The National Labor Relations Board (NLRB) overturned a 2016 decision on Tuesday that required employers to bargain with a newly certified union before the employer imposes “serious discipline” in the absence of a first contract.
The case involved a group of workers at a rehabilitation and nursing care facility who were suspended, and one worker who was fired, during the negotiations for an initial collective bargaining agreement. The question for the NLRB involved whether the employer violated Sections 8(a)(5) and (1) of the National Labor Relations Act by reducing the employees’ payroll hours from 40 hours per week to 37.5 hours per week and disciplining the employees without first providing the union with notice and an opportunity to bargain.
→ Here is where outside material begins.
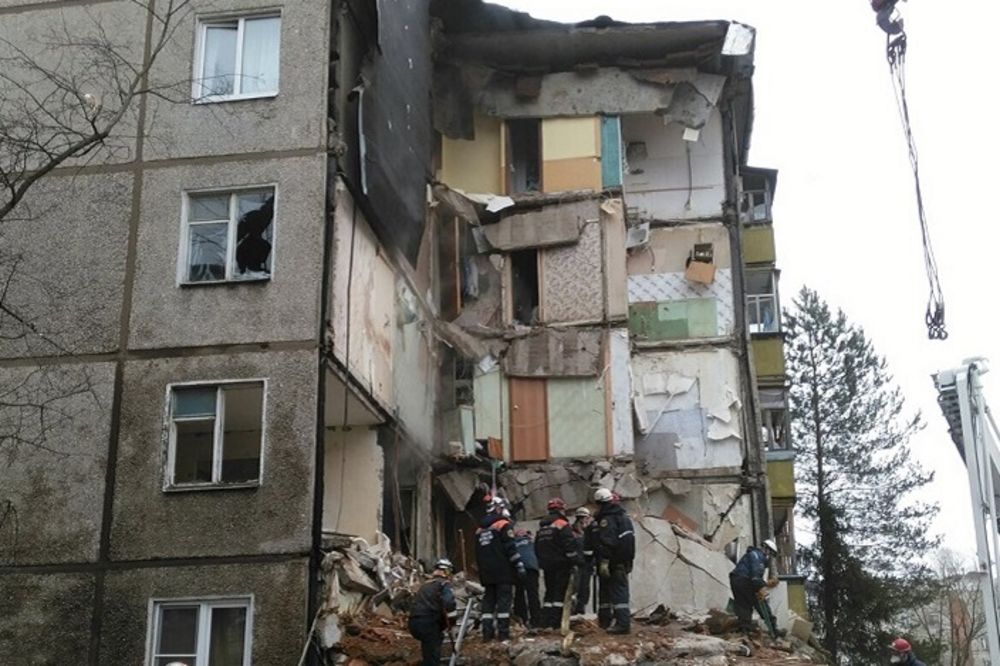 Eksplozija gasa smrvila petospratnicu i odnela 7 života (FOTO) (VIDEO)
The NLRB reasoned that the Board’s decision in 2016 created a conflict with US Supreme Court precedent in NLRB v. Weingarten, Inc. (1975), misconstrued the general-unilateral doctrine with respect to what constitutes a material change in working conditions under NLRB v. Katz (1962) and imposed a “complicated and burdensome” scheme that is inconsistent with general bargaining practices. In a press release, the NLRB noted that the Tuesday decision eliminates an employer’s “obligation to bargain before imposing discretionary discipline that is materially consistent with the employer’s established policy or practice.” However, the NLRB upheld the portion of the Administrative Law Judge’s decision in the initial case, which found that the employer did violate Section 8(a)(5) and (1) when it unilaterally changed the employees’ payroll hours from 40 hours per week to 37.5 hours per week.
The Board’s decision on Tuesday is to be applied retroactively to all pending cases, resulting in the dismissal of many claims.